A recent study from Exponent Philanthropy indicates shifts in grantmaking practices for smaller foundations as they work to further expand the impact of their giving. The report, which is based upon survey results from close to 2,000 of the association’s members, found that respondents have continued to heighten their impact strategies over the past two years. Exponent Philanthropy found that 81% of respondents review their grantmaking strategies on a regular basis, an increase from 74% in 2014. Sixty-one percent have board members that attend pertinent conferences and 48% of respondents have brought in outside consultants or resources to improve their practices, up from 55% and 40% respectively in 2014.

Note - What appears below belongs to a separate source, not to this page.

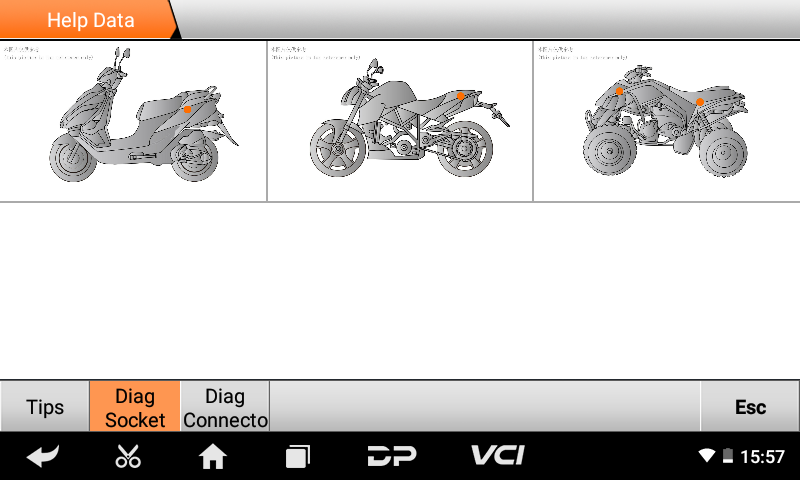 iScan CFMOTO diagnostic socket location drawings for scooter, motorcycle and ATV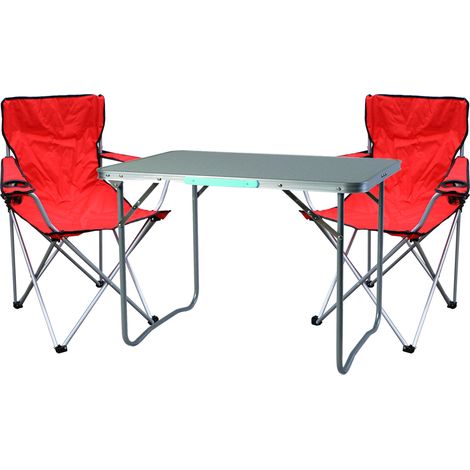 3-teiliges Campingmöbel Set Rot-MMC330870+2xMSP1002 (1/4)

The report found that 79% send board members to conduct site visits, 70% offer multiyear grants, 63% collaborate with other funders, 43% convene grantees, and 11% engage in impact investing. Small foundations have also worked toward formalizing their governance processes, as 80% have developed conflict of interest policies, up from 30% in 2005. Succession and a desire for greater focus in their grantmaking were indicated as top concerns for respondents.
These findings reflect and illustrate the growing focus from smaller foundations on augmenting their philanthropic impact. As Exponent CEO Henry Berman explains, “Foundations with lean operations do so much more than just write checks to their grantees. Our members are making a conscientious effort to have an 'outsized impact', allowing each dollar granted to result in more than just the monetary value of their giving."